It begins with a wayward teenager whose self esteem is lacking, and life ridden with chaos and frustration. The Incident (2015) is a subtly timid psychological thriller, which tells the story of a cold, affluent couple and how their life is, mildly, thrown into turmoil with the impact of this wayward teenager.
The synopsis of Jane Linfoot’s debut feature is of a thriving couple whose comfortable lives are disrupted and their relationship unravelled by ignoring the plight of a troubled teenager. Lily sets off a chain of events within the lives of Annabel and Joe that confronts them to explore their superficial relationship and truly examine their inner beings, and is inextricably linked to the couple and their unborn child.
The de-saturated grade, lack of dialogue and clean lines within this film all add to the lack of warmth within the narrative. The focus pulling and slow-pace of the thriller all leave us gagging for a little more of a revelation from all three characters, as the direction and acting merely skims over the leading parts. The most emotive scene throughout the film is the one whereby Lily extracts a tear and places the stocking over her head, which leaves the viewer with plenty of questions.
With the costume and reckless nature of Lily, highlighting a vast difference in class, there is clearly some great direction to this film, albeit not pushing the performances enough throughout the film. There lies the suggestion in the narrative that these characters are lacking happiness and contentment within their destructive relationship, before Lily comes along, lending a nod to Richard Yates, Revolutionary Road, and Sam Mendes. Joe’s elated response to the news of Annabel’s pregnancy seems unexpected but perhaps this simply outlines the artificial nature of their bond.

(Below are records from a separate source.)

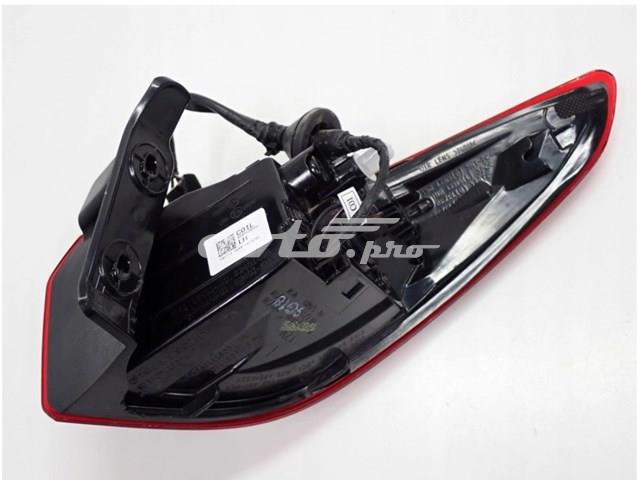  Hyundai/Kia 92401J90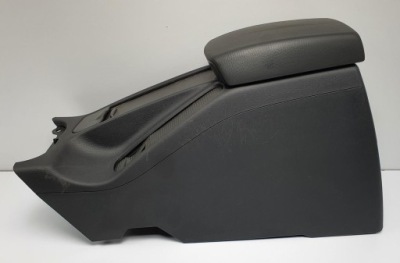 Туннель средний подлокотник volvo v40 фото №1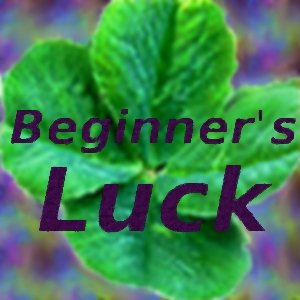 begluckicon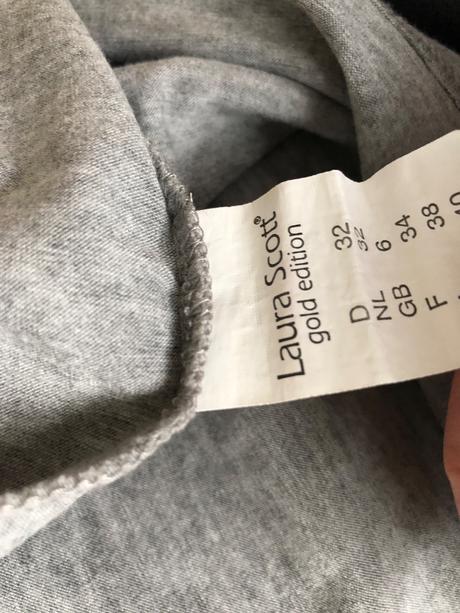 Tunika laura scott 32 seda, xs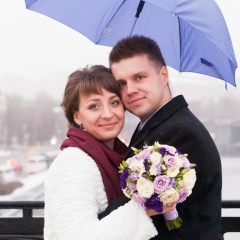 Ринат Ельчанинов, 06.09, Москва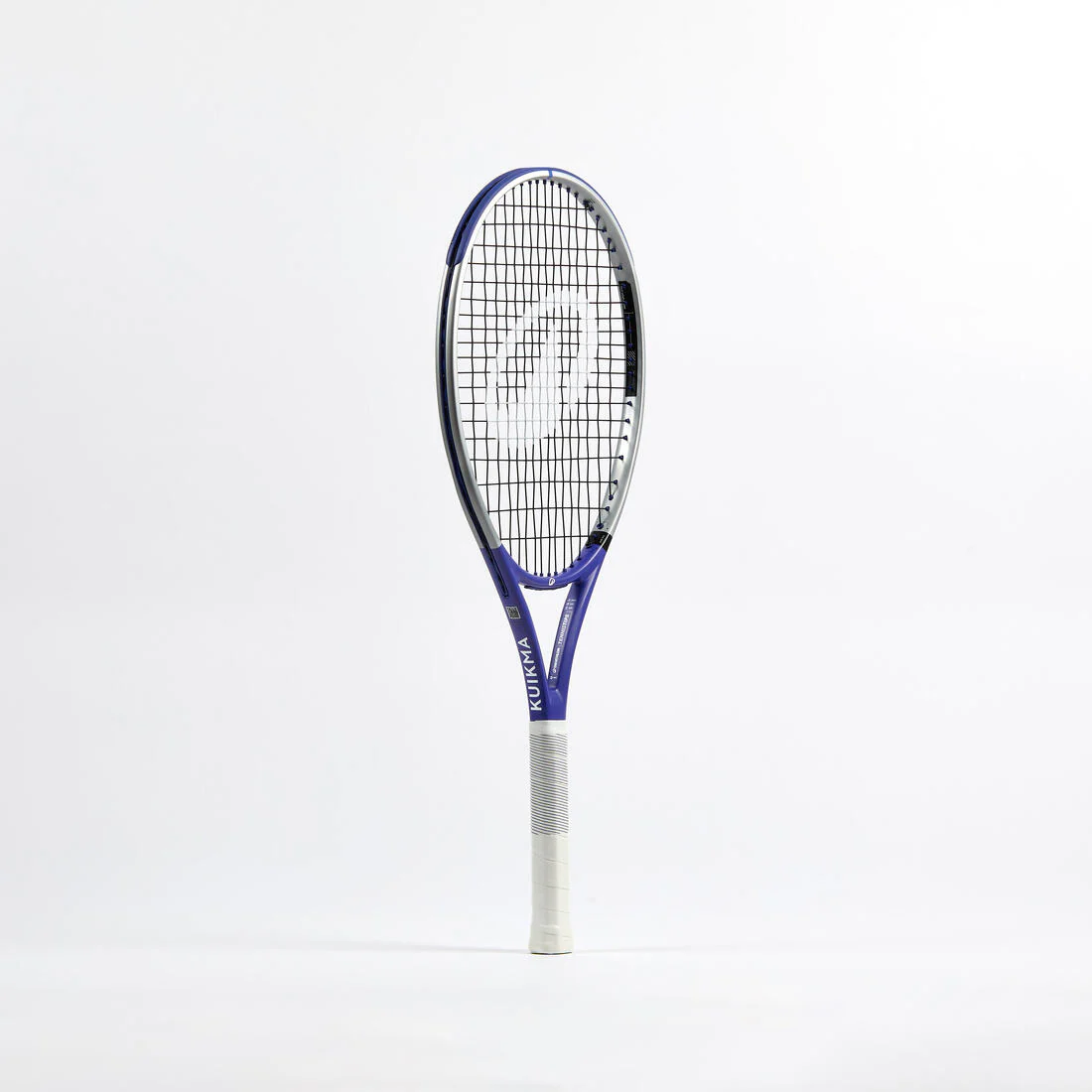 Raquette de tennis enfant Easy Comp 26" violet - Image 3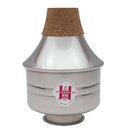 Harmon Trumpet Mute, Aluminum, Wow Wow, The Original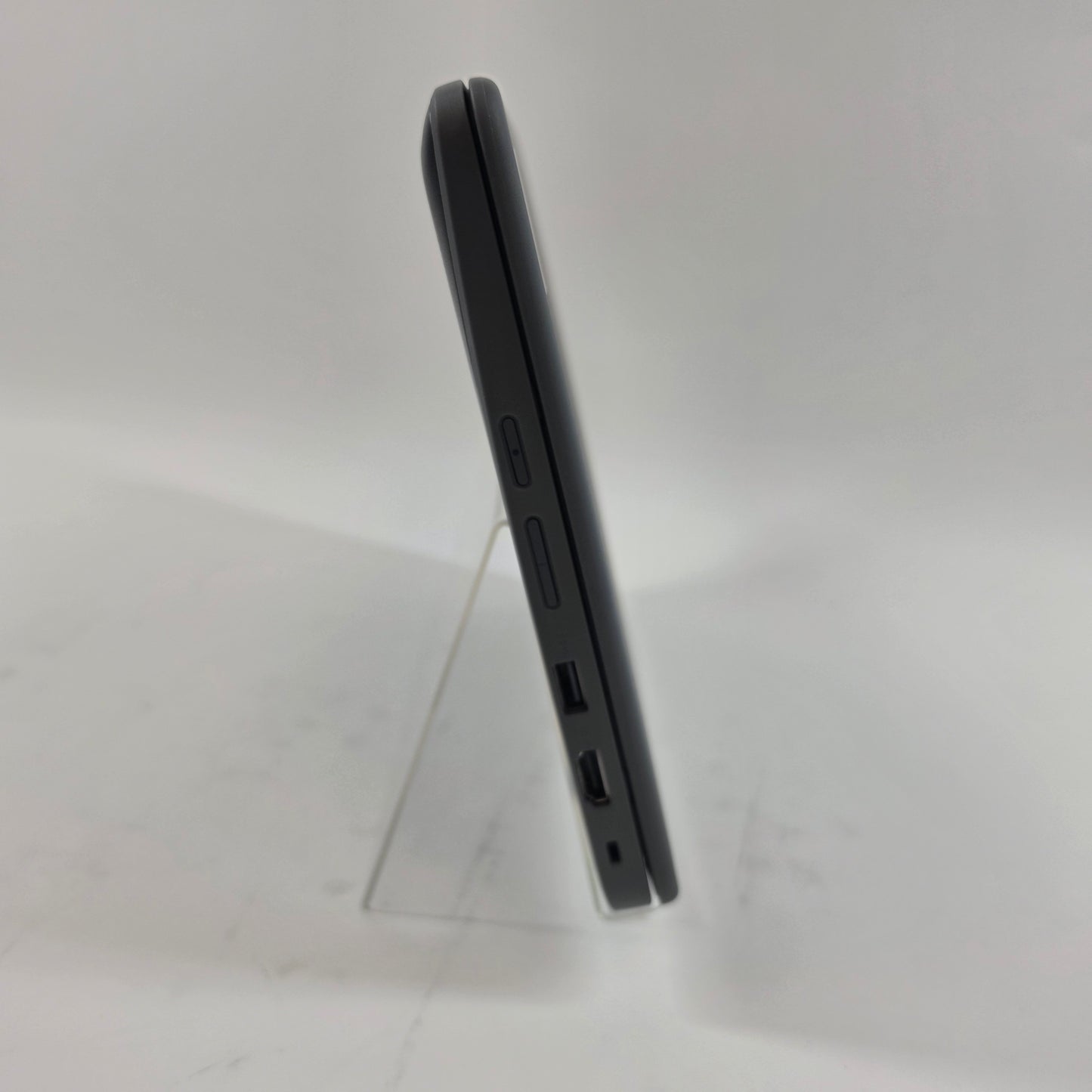 Lenovo Yoga Chromebook Gen 4 11" MediaTek Kompanio 520 2.0GHz 4GB RAM 32GB SSD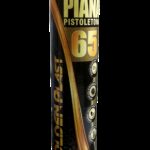 PIANA PISTOLETOWA GOLDEN PLAST 65l 840ml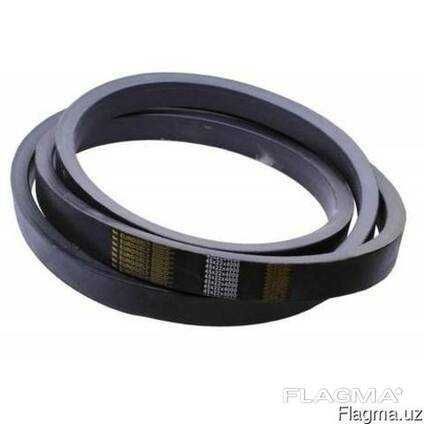 Подшипники,  Сальники  и Ремни  Оптом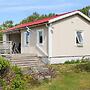 6 Person Holiday Home in Varberg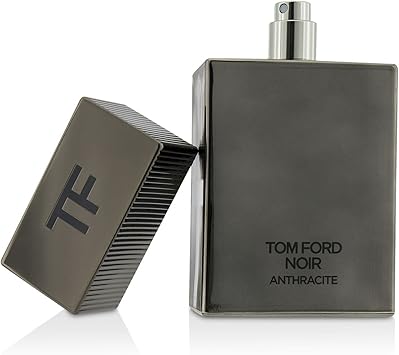tom ford noir anthracite 50 ml CEGICAP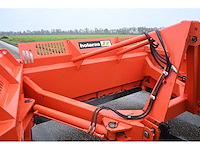 Holaras - mes 500-h-120 - voerschuiver - afbeelding 6 van  11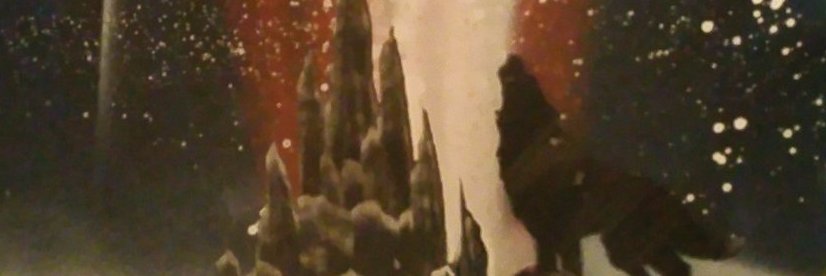 Ix_Krypto's profile banner image
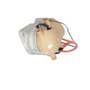 105325 | Distributor - Front Mount | Ford 2N 8N 9N | | 9N12100 105325 | Distributor - Front Mount | Ford 2N 8N 9N | | 9N12100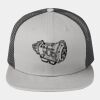 Original Fit Snapback Trucker Cap Thumbnail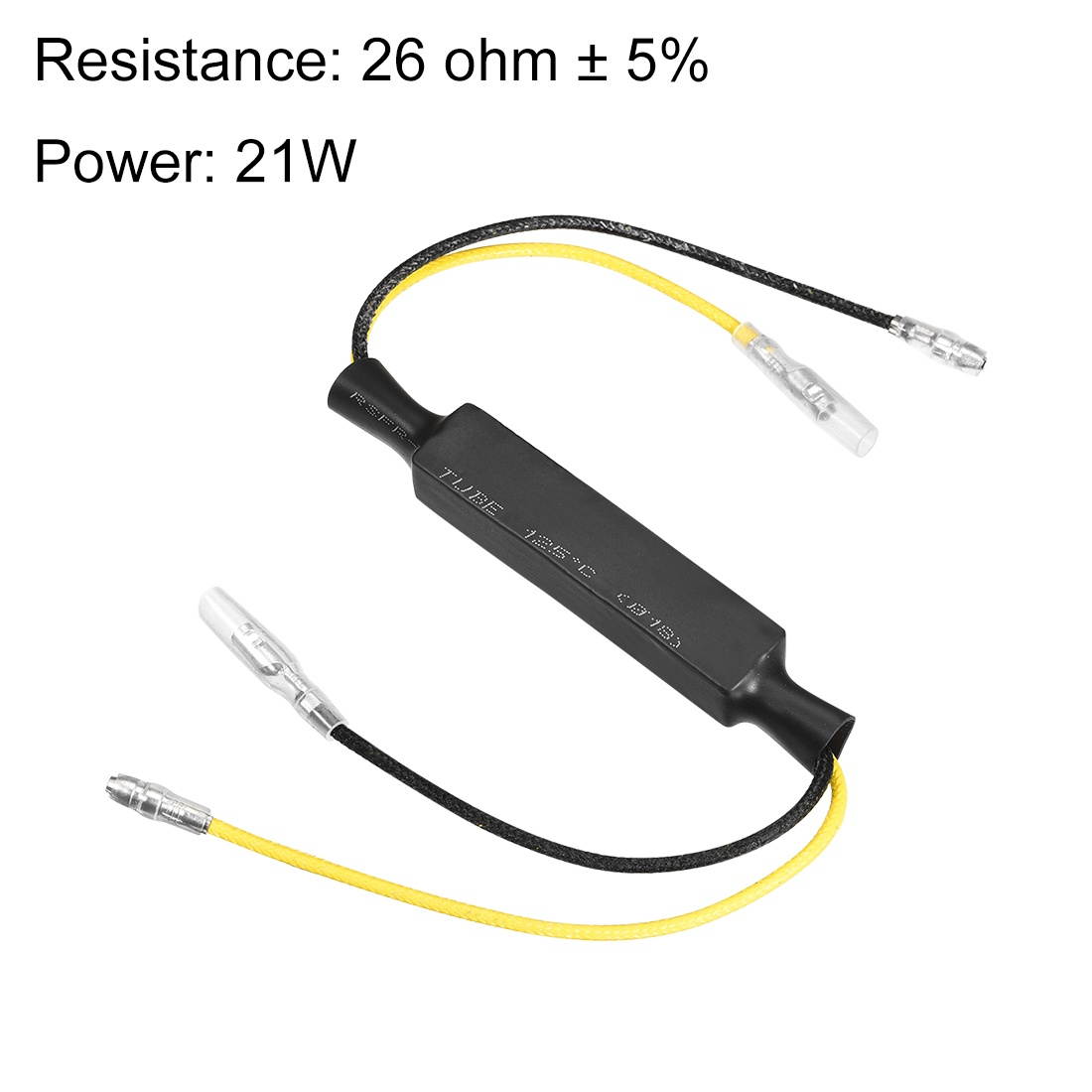 Touch the switch button with a round cap microswitch 12 * 12 * 7.3mm 25pcs boxed quick sell hot pin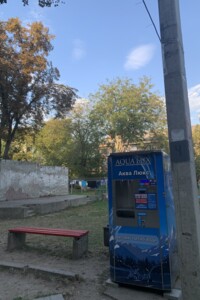 Комната в Виннице, на ул. Стрелецкая 31 в районе Ближнее замостье на продажу фото 2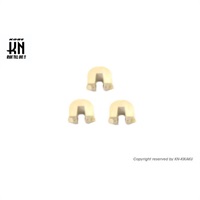 SUZUKI純正スライドピース【アドレスV125/アヴェニス/スウィッシュ/バーグマン 】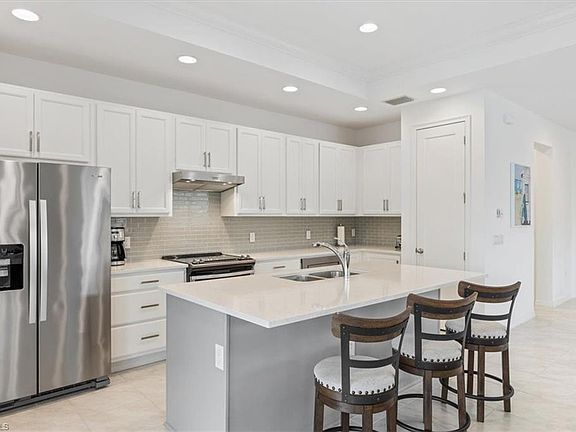 4th image of 14556 Topsail DR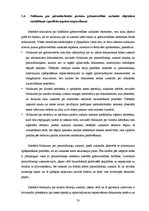 Diplomdarbs 'Pašnodarbinātās personas grāmatvedības metodikas specifiskie aspekti', 50.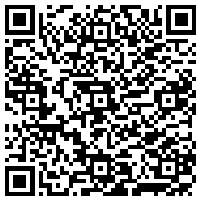 QR Code for bitcoin:bitcoin:bitcoin:bitcoin:bitcoin:bitcoin:bitcoin:bitcoin:bitcoin:litecoin:LbMkRxF3k59E4RNfWMfvTVSY94MYSUBiFd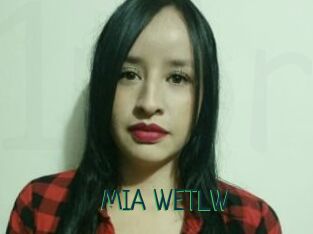 MIA_WETLW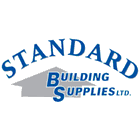 Standard Building Supplies Ltd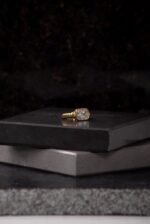 Anillo Princesa - Image 2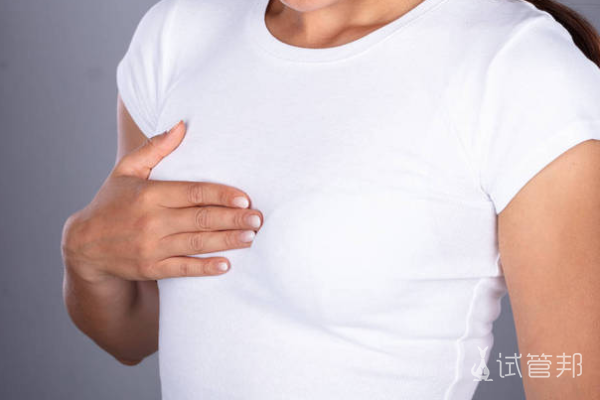 急性乳腺炎是什么原因引起的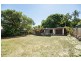 16 Esplanade, Wonga Beach QLD 4873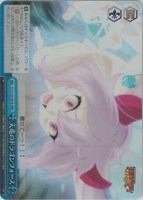 カードを買う/ヴァイスシュヴァルツ/2025年度作品/FAIRY TAIL 100年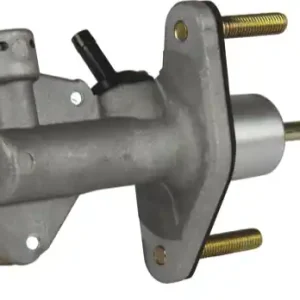 Alleen Vandaag Hoofdkoppelingscilinder Herth+Buss Jakoparts J2504026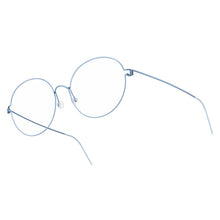 Load image into Gallery viewer, LINDBERG Eyeglasses, Model: Jenny Colour: 20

Evocative score by Tim Hecker, particularly at Annabel’s mention of going to meet Lily, disclosing the discord in their minds, I can’t help but feel that this is one of the more dramatic elements of the film. The well-shot yet cold, psychologically stunted drama misses it’s opportunity to transpire into anything transfixing. With performances that skim over the issues, unfortunately, it’s difficult to empathise with the characters throughout. It’s obvious, however, that Linfoot does have the capacity to direct a great drama. She just needs to tweak a more convincing and heart-felt performance from all of the actors. It certainly displays real potential.